▶ _Prompt_: Transcribe all the material exactly. Leave every line as it is.

▶ _Information supplied_:
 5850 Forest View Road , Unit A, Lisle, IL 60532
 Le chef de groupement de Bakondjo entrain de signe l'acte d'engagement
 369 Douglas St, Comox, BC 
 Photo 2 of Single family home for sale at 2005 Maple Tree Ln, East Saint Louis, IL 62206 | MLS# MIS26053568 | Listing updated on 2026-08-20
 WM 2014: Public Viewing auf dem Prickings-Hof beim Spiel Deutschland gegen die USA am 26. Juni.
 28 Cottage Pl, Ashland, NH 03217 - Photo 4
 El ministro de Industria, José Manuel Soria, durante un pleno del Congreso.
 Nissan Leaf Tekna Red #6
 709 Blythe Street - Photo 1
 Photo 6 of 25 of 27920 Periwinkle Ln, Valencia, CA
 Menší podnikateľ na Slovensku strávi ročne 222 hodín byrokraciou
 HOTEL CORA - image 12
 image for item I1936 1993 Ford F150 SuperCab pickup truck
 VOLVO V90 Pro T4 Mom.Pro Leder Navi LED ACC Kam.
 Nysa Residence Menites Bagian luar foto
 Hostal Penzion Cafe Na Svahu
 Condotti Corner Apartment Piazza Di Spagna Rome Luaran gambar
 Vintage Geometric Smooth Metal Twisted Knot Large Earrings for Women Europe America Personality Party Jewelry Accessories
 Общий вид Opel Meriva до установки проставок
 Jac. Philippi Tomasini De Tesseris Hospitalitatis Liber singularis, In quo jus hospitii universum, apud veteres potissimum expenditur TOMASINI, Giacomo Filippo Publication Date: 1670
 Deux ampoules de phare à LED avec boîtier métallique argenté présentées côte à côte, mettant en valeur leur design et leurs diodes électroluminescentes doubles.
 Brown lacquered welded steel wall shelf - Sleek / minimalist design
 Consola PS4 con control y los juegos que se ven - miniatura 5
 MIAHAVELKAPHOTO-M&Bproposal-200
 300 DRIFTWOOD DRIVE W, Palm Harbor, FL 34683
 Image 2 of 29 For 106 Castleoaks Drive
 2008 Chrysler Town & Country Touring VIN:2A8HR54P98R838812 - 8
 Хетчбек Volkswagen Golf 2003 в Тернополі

▶ _Reply_:
 5850 Forest View Road , Unit A, Lisle, IL 60532
 Le chef de groupement de Bakondjo entrain de signe l'acte d'engagement
 369 Douglas St, Comox, BC 
 Photo 2 of Single family home for sale at 2005 Maple Tree Ln, East Saint Louis, IL 62206 | MLS# MIS26053568 | Listing updated on 2026-08-20
 WM 2014: Public Viewing auf dem Prickings-Hof beim Spiel Deutschland gegen die USA am 26. Juni.
 28 Cottage Pl, Ashland, NH 03217 - Photo 4
 El ministro de Industria, José Manuel Soria, durante un pleno del Congreso.
 Nissan Leaf Tekna Red #6
 709 Blythe Street - Photo 1
 Photo 6 of 25 of 27920 Periwinkle Ln, Valencia, CA
 Menší podnikateľ na Slovensku strávi ročne 222 hodín byrokraciou
 HOTEL CORA - image 12
 image for item I1936 1993 Ford F150 SuperCab pickup truck
 VOLVO V90 Pro T4 Mom.Pro Leder Navi LED ACC Kam.
 Nysa Residence Menites Bagian luar foto
 Hostal Penzion Cafe Na Svahu
 Condotti Corner Apartment Piazza Di Spagna Rome Luaran gambar
 Vintage Geometric Smooth Metal Twisted Knot Large Earrings for Women Europe America Personality Party Jewelry Accessories
 Общий вид Opel Meriva до установки проставок
 Jac. Philippi Tomasini De Tesseris Hospitalitatis Liber singularis, In quo jus hospitii universum, apud veteres potissimum expenditur TOMASINI, Giacomo Filippo Publication Date: 1670
 Deux ampoules de phare à LED avec boîtier métallique argenté présentées côte à côte, mettant en valeur leur design et leurs diodes électroluminescentes doubles.
 Brown lacquered welded steel wall shelf - Sleek / minimalist design
 Consola PS4 con control y los juegos que se ven - miniatura 5
 MIAHAVELKAPHOTO-M&Bproposal-200
 300 DRIFTWOOD DRIVE W, Palm Harbor, FL 34683
 Image 2 of 29 For 106 Castleoaks Drive
 2008 Chrysler Town & Country Touring VIN:2A8HR54P98R838812 - 8
 Хетчбек Volkswagen Golf 2003 в Тернополі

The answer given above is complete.